Zucchini Soup with Quinoa

Earlier this week I picked up a big basket of various veggies at my local Farmers Market. This was one of those "special" baskets where they had combined a bunch of things that they need to get sold. There was enough stuff in this basket to fill an entire grocery bag. When I got it home and went through it, I found that about half of what I'd gotten was zucchini. This wasn't a bad thing since I really like zucchini. Unfortunately, my hubby won't touch the stuff. That said, I typically just saute it in some coconut (or olive) oil with some salt and pepper. Or, if I'm feeling lazy throw it on a baking sheet and roast it.  However, with this much zucchini I knew there was no way I was going to eat it all my usual way.

First off I tried juicing it. Since, I juice A LOT I figured I should try it. I looked online and in my big book of juicing and found a few recipes. From what I found it seemed the best bet was mixing it with apple, or using it in my green juice in place of the usual cucumber. I did both of those and both were quite tasty.

As I sat awake at 5am this morning for no apparent reason I started to wonder what a zucchini soup would taste like.  A year ago I never would have considered it, but with all the juicing and diet changes in the last 8 months a lot of things sound good now that never would have before. So, I went online and found this recipe on the NY Times website. It sounded pretty tasty and I had everything on hand to give it a go.  And that is how my husband found me cutting up zucchini at 6am.

Of course, I wouldn't be blogging about this if I'd actually followed the recipe to the tee. It all started off ok, until I realized that there was rice in that recipe. I don't know how I missed that when I initially read it, but as I was following the directions I realized this little fact.  I don't eat rice, it doesn't like me.  Luckily, I had picked up a bag of Quinoa last week. I've never made quinoa, and I've really only had it maybe twice.
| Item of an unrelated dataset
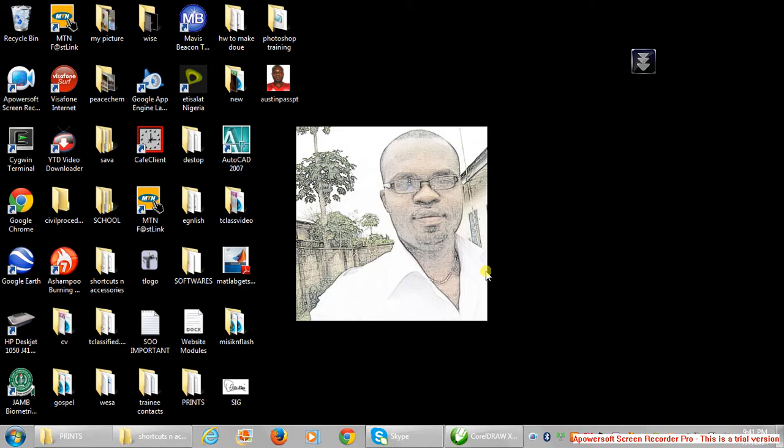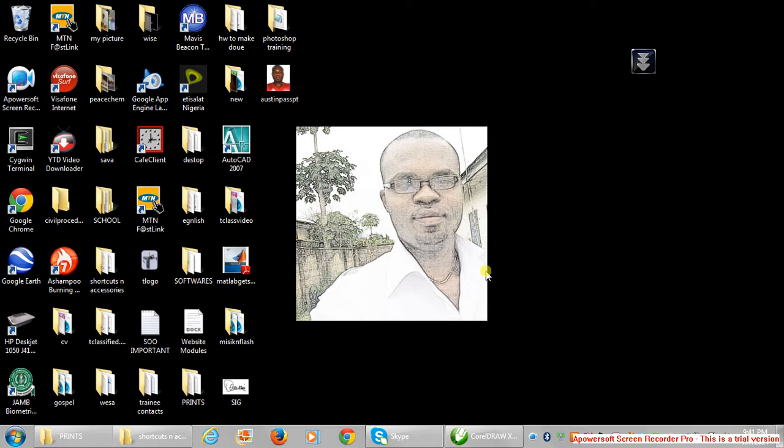Hello and welcome. This is Austin from tclasswa.com. Today I'll be taking you through a series of lectures on graphics design.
So, this was totally foreign to me. It didn't help that I could not find instructions on the bag for how to cook it. There were recipes for things to make with it, but no basic instructions. So, I figured it must be pretty much like rice and just added it to the soup mixture where the recipe said to add rice.

So, my actual recipe looked a bit like this:
2tbsp Coconut Oil
1/2 Onion - diced
3 cloves garlic
2 med-large zucchini (peeled & diced)
2 tsp curry paste (cuz I didn't have curry powder)
maybe 6 cups vegetable broth
1/2 c Quinoa
salt (lots)
pepper (lots)

Saute the onion in the coconut oil, add the garlic, add the zucchini and saute for a few more minutes. Add the curry paste, veg broth & quinoa. Add salt & pepper. Bring to boil. Turn down the heat and let simmer for about 30 minutes.  I really didn't want my soup to be pureed. So, I just mashed the zucchini with a potato masher.

As it cooked it thickened and became almost a poridge.  I added more salt & pepper.  All in all, it quite tasty. I couldn't help but think that if I was feeling sick this would be the perfect alternative to chicken soup.